Bagikan ide kreativitasmu dalam bentuk konten di Kompasiana | Sumber gambar: Freepik

Cerita ini berawal  ketika akhir 80an tepatnya tahun 1989, orang tua memutuskan untuk pindah dari Jakarta ke kota lain, tempat di mana ibuku di lahirkan. Alasannya hanya satu, Jakarta tidak akan ramah bagi perkembanganku kelak, terutama menyangkut tawuran dan narkoba yang kala itu ayah nilai sudah terlalu mengkhawatirkan, dan alasan itu benar adanya, dari enam dari sepuluh kawan sepermainanku di sebuah komplek di pinggiran Jakarta, dua sudah pass away, dan sisanya keluar masuk pusat rehabilitasi.

Namun mereka juga salah, jika mengira di kota baruku aku akan terhindar dari jerat narkoba. Di mulai dari minuman ber-alkohol semenjak kelas 2 SMP, kemudian menanjak pada penyalahgunaan obat-obatan daftar G, kala SMA, dan kala kuliah mengenal ganja, putaw, ektasi dan shabu-shabu.

Minuman ber-alkohol ini kukenal dari pergaulan ku dengan teman-teman SMP yang memang terkenal nakal-nakal, mulai dari produksi rumahan seperti, jamu, lapen, kidangan (Klaten), ciu mbekonang (Solo), susu macan, tangkur, keplokan hingga buatan pabrik seperti, KTI, AO, Vodka, Mansion, AP, Tomir (Ap dan Tomir setelah krisis 97).  Jika dari pabrikan yang paling enak menurutku sunrise, campuran vodka, bir (dingin), dan kratingdaeng, kami bisa habis bersetel-setel.

Obat-obatan juga mulai akrab dengan diriku ini selepas SMP, memasuki dunia hitam yang lebih luas, di mulai dari pil koplo yang paling murah yaitu BK, 5 ribu dapat 10 butir, kemudian Magadon (yang katanya obat penenang untuk orang-orang yang sakit jiwa alias gila), kemudian Nipam, Lexo (Lexotan), Rhohip (Rhohipnol), dan RJ. Saking gilanya, bahkan sempat jadi bd (Bandar) kecil-kecilan, jika bd yang besar harus beli minimal satu tik (satu strip, isi 10 butir), aku jual ngecer per butir.

Begitu juga dengan Ganja, yang ku kenal sejak menginjak bangku kuliah, awalnya sangat sulit mencari ganja ini, namun sejak tahun 2000 peredaran ganja ini bebas sekali, sangat mudah di temukan, seperti peredaran rokok saja.
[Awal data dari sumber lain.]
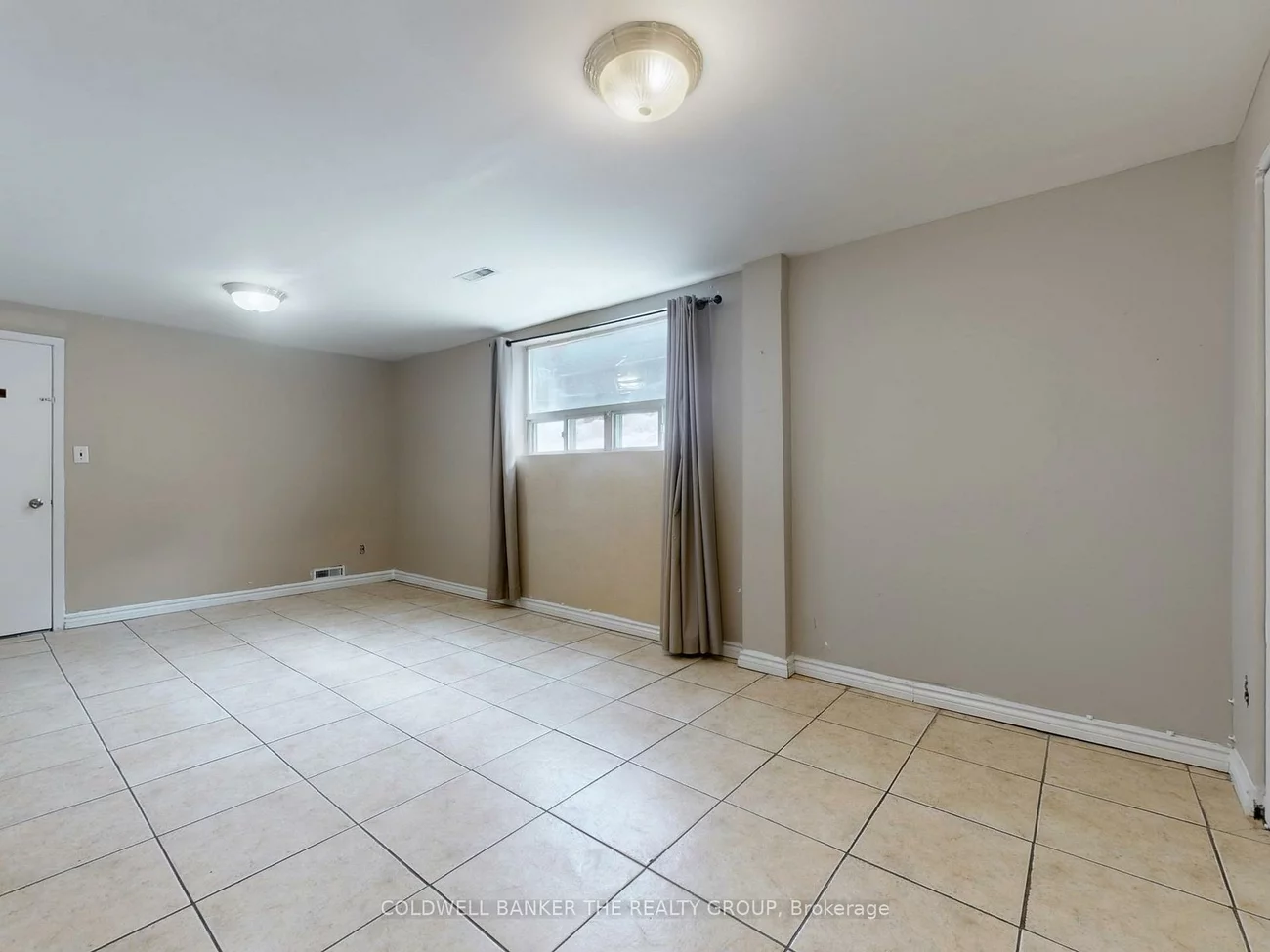 2925, Islington, Humber Summit, Toronto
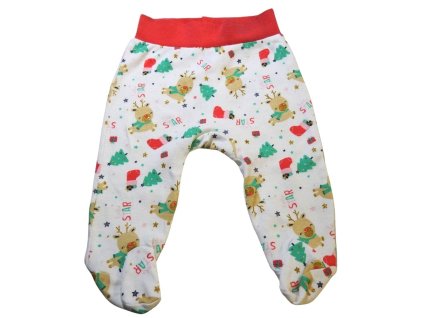 pepco karacsonyi talpas nadrag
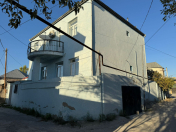 Satılır 8 otaqlı 220 m2 həyət evi Biləcəri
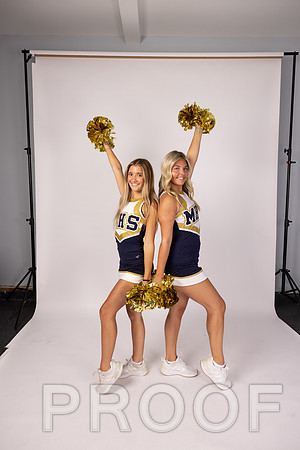 2025 Midlo Trojanettes Media Day-17692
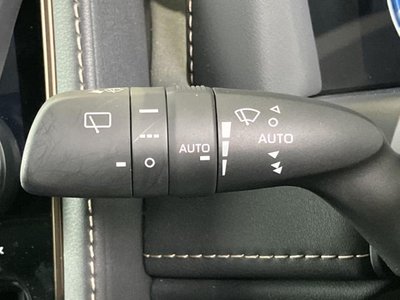 صورة مصغرة 17 لـ 2024 TOYOTA ALPHARD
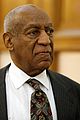 cosby-silence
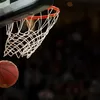 Thunder vs Spurs di Final Barat NBA 2026, Duel Dua Calon Penguasa Baru Liga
Satu garis hanya lima ratus ribu rupiah, bisa di jadikan 30 amp (amplop) di jual dengan harga lima ribu satu amp-nya. Satu amp bisa menjadi 4 sampai lima linting ganja.

Sisanya aku nggak begitu enjoy memakainya, mungkin karena efek yang di hasilkan bukan merupakan sesuatu yang menyenangkan buat diriku, seperti putaw, yang di karena-kan hidung yang super sensitive (terkena barang asing, langsung bersin-bersin) dan ketakutanku dengan jarum suntik, putaw ini jarang makenya. Begitu pula dengan inex, karena house music yang aku benci jadi aku nggak suka memakainya, pun pula dengan shabu-shabu, efek begadangnya nggak ‘nguatin’.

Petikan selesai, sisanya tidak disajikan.